While Argus suggested that the wealthiest homebuyers might not be as affected by the down economy as others, Mita said that was not his experience.

“I think everybody’s equally hurt.  Our customers are feeling the pain.  If you have a guy making $50,000 and is 401(k) had $100,000, it’s now worth $50,000,” Mita said.  “A person who is buying a $4 million dollar home had maybe a $2 million portfolio, and now it’s worth $1 million.”

A big factor, he said, is that high-end waterfront property is holding its value better that many traditional safe investments.

“They were in the stock market, thinking they’d never see AIG and GM go to zero, and now they have,” Mita said.  “But they’ve never seen oceanfront real estate go to zero, which is why we’re seeing more of them coming back into real estate.”

He said Achristavest’s customers-90percent of whom pay in cash-are very cautious buyers who are looking for high value in the location of the property and all aspects of design and construction.

Southern New Jersey, with its vast beaches of high-grade sand within an easy drive of major cities, is a gem – even compared with the Mediterranean waterfront and Hawaii, Mita said.  It has helped draw buyers such as Dennis DiFlorio, former chairman of Commerce Bank, and Rich Gannon, who won a Super Bowl as quarterback of the Oakland Raiders and now is a game analyst for CBS.

Bob Edelheit, who bought the $4 million home at Santa Rosa in Ocean City, has actually been helped by the economic downturn.  His company, employee benefits administrator United Group Programs of Boca Rata, Fla., is doing significantly better, he said Monday.

“Downturns enhance our business,” he said.  “People who may not have been concerned about the cost of employee benefits packages now come to us because they have to save money.”

Edelheit said he searched for 21/2 years before finding Achristavest’s Santa Rosa.

“We like many things European, and we had been looking at homes all through the area.  The minute we opened the door we knew it was ours,” he said.  “The workmanship, the way it’s been designed, the quality of the materials.  It has an atmosphere as if it’s something out of Tuscany or the south of France.  It was everything we like.”

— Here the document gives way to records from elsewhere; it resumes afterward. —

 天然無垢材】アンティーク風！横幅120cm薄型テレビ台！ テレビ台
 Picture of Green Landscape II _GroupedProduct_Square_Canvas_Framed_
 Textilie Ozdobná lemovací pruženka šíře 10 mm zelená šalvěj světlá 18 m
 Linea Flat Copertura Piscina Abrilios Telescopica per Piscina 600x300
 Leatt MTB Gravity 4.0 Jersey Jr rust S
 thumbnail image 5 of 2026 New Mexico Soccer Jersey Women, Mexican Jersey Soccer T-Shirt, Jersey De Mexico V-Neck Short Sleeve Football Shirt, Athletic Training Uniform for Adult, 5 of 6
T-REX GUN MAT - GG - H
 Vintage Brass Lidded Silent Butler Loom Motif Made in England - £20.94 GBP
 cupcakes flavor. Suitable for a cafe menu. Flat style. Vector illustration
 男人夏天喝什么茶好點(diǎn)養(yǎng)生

Achristavest’s goal in making homes for such buyers is that no two will ever be alike, Mita said.

Every significant feature of the company’s $6.9 million Port Pelham home on the ocean in Longport is custom-made from the flooring with 100-year-old boards to the white marble kitchen countertops and sink.

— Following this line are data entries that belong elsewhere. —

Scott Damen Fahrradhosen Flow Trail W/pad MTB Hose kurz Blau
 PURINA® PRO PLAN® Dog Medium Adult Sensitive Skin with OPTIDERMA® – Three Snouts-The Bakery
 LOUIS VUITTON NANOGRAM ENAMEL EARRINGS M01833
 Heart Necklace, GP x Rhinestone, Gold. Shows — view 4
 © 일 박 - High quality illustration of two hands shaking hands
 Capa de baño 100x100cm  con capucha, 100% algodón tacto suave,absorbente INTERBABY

Designer Jon Simmonds crafted many of the home’s elements and furnishings, working in wood, stone and stained glass.

At the oceanfront Santa Rosa in Ocean City, the partner to the home that just sold for $4 million has two features not found next door: a fireplace in the master bath and a bar in the living room.  Each home has an elevator, and each bedroom is treated like a suite with its own bath executed in various stone styles and metals.

Achristavest’s biggest project at the shore is taking shape in the Diamond Beach section of Lower Township where it is building a $600 million condominium resort community that Mita is confident will be impressive.

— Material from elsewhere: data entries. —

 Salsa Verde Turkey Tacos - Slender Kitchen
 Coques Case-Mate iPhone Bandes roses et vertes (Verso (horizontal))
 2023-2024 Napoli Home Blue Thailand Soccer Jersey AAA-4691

And having thrived in the down part of the real estate cycle, Achristavest and other high-end builders look forward to what they can do in an improved market.

“The scarcity of the land will help maintain the value of ocean and bayfront properties,” Mita said.  “Thre are 18 million people within a two-hour drive of the Jersey shore, so if you’re building a good product, you’re going to be successful.”